Words by Matt Milton
The intrepid producer and field recordist Ian Brennan has worked with both Tinariwen and Malawi Mouse Boys. He recently recorded several veteran traditional Vietnamese singers in Hanoi. Five of them feature on the resulting album, Hanoi Masters, which feels refreshingly varied and inquisitive, despite being only just over 30 minutes long.
You can hear the age in some of the singers’ voices, which perhaps might not be as pitch-perfect as they once were. But this only adds to the overall sense of commitment and honesty in these crystal-clear recordings. Graininess and honesty of the recording is all part of the album’s charm: the soothing, unadorned singing of Vo Tuân Minh or Nguyen Thi Lân (pictured above) is like a Vietnamese equivalent of Mississippi John Hurt or Shirley Collins.
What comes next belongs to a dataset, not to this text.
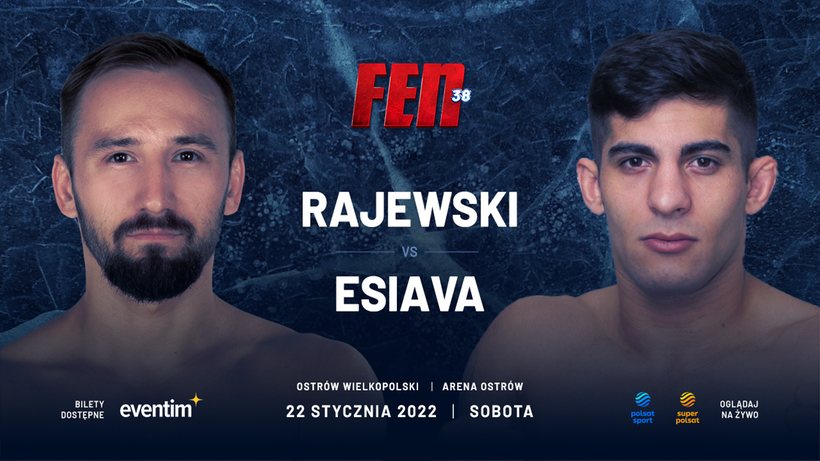 FEN 38: Giorgi Esiava kontra Mateusz Rajewski w karcie walk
While it’s the vocals that are at the fore, there is charmingly ramshackle percussive accompaniment on several tracks: simple woodblocks keep the beat and metallic rattles add syncopation, sounding at times like a cutlery drawer is being thumped. Zithers, lutes and a guitar also feature, all employing the blues-like string-bending that’s a characteristic of Vietnamese playing. Two extraordinary tracks showcase the K’ni, a kind of Jew’s harp that sounds like a crazy, robot-voice-emulator toy on the blink. They might well have you wondering whether your CD has somehow had some BBC Radiophonic Workshop sci-fi effects accidentally dubbed onto it.